Еще не наполнилась темнотой пепельно-серая прозрачность московской белой ночи, когда началась гроза. И весна, и лето были бездождными, я забыл самый звук грома. Сухой долгий треск, завершившийся бледной и ослепительной вспышкой, от которой мигнула лампочка, вызвал тревожное недоумение похоже, распоролась холстинная оболочка мироздания. Следующему разрыву предшествовали сдвоенные мигания лампы, а удар был короткий, собранный и оглушающий. Я не помнил гроз в это переходное время суток — от вечера к ночи, к тому же такого светлого вечера. Это час тишины, умиротворения. Бывают великолепные ночные грозы, но куда чаще — утренние или дневные, когда гроза медленно и душно вызревает в горячем воздухе. Подмосковная гроза чаще всего приходит издалека, она накаляется часами и сперва обходит стороной то место, где ты находишься, пуская косые ливни по горизонту, урча, ворча, пылая сполохами и лишь изредка простреливая сизую наволочь зигзагом молнии, и вдруг рушится прямо на твою голову, когда ты вполне уверился, что пронесло. А тут сразу, без подготовки, при чистом, бесцветном, стеклянном небе с увесистой силой вдарило раз-другой, и крупные капли заколотили по листьям, траве, оконным стеклам. Сразу посмерклось. Я закрыл окно. Зажег ночник на тумбочке возле кровати и задумался, что означает эта нежданная ниоткуда и ни с чего гроза в символике моей нелепой жизни. Она могла означать лишь одно: Татьяна Алексеевна не придет. Опять началась мигрень или поднялось давление, или до срока пришли месячные, зависящие не только от Селены, но и от ветреной Гебы, или же что-то затопило, прорвало, инфанта хватил родимчик со страха. Ведь не может гроза быть просто так.

И вдруг все кончилось так же внезапно, как началось. Гулко простучали последние капли, посветлело, в комнату сквозь закрытые окна хлынула сосновая и травяная свежесть. Когда я открывал окно, мне в лицо ударил ветер, стремящийся насквозь. Я оглянулся — Татьяна Алексеевна закрывала за собой дверь.

Дивной музыкой прозвучал двойной поворот ключа.

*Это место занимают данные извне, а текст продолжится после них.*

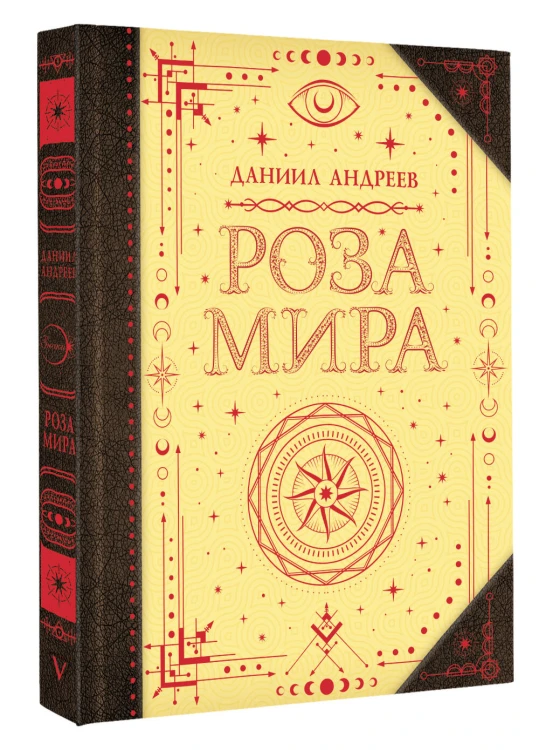 Роза мира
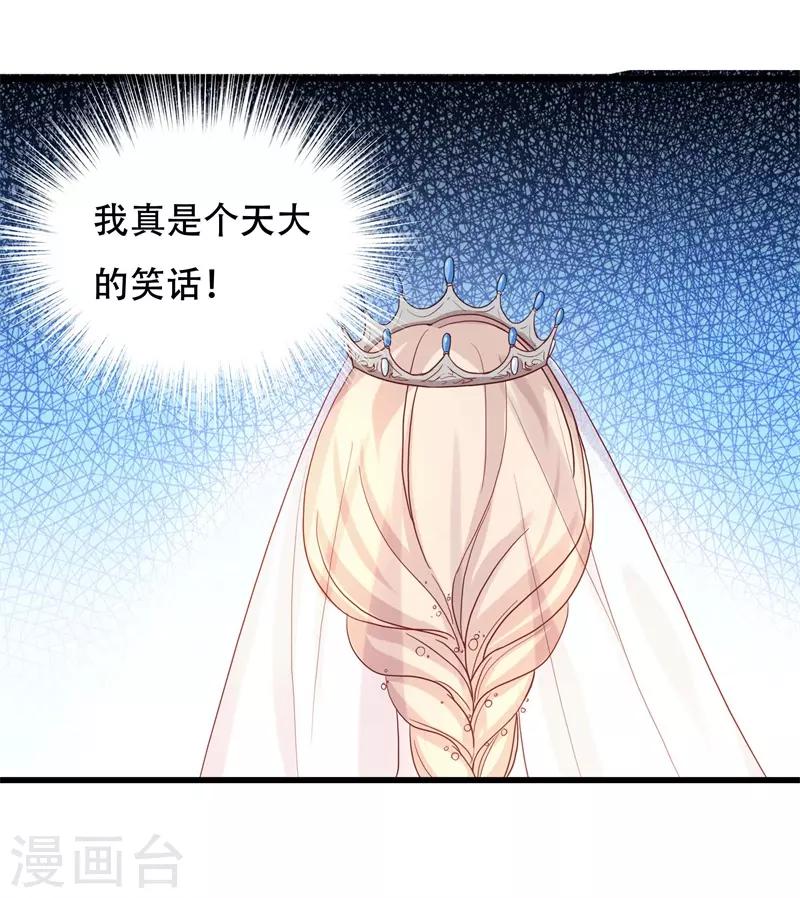 《帝少甜宠妻一克拉的爱恋》第3话 绝望的婚礼 第11页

Я стал молиться про себя, предваряя обращением к Богу каждое движение. «Милый Боже, сделай, чтобы она сняла халат!» И она сняла. «Милый Боже, пусть она позволит стащить с нее бикини». Я не был уверен, что старый Бог знает это современное слово, и пояснил: «Маленькие, узенькие трусики». И Господь благословил меня снять их. «Милый Боже, сделай так, чтобы я снял с нее лифчик». И тут же она сдвинула лопатки, чем помогла мне расстегнуть пуговицы и снять теплый от ее груди лифчик. «Милый Боже, сделай, чтобы она сняла рубашку». Но, видать, я утомил Господа своими просьбами, и она невесть с чего заупрямилась. Рубашка была с носовой платок и ничуть не мешала мне, но я жаждал абсолюта. В нашей возне рубашка скаталась в жгут, открыв груди, живот, ее практически не было, так — знак, символ того, что ее тело знакомо с одеждами, а я продолжал упорствовать, впустую расходуя силы, время и раздражая Всевышнего истерическими мольбами. Но и Господь, и Татьяна Алексеевна стояли насмерть. Может быть, тут проявлялся рудимент той странной нравственности, уроки которой, как выяснилось, я тоже усвоил: рубашка, оставшаяся на теле, служит идее брака, сохраняет некую верховную привилегию мужа. Я чувствовал какую-то уловку, направленную против меня, против полного обладания. Но я и так не мог справиться с ней, а теперь она имела на своей стороне покинувшего меня Вседержителя. Я сдался. А вот она не позволила мне оставить на себе майку-безрукавку, что я пытался сделать в бессознательной попытке реванша. Она содрала ее с меня — кровожадно, как кожу.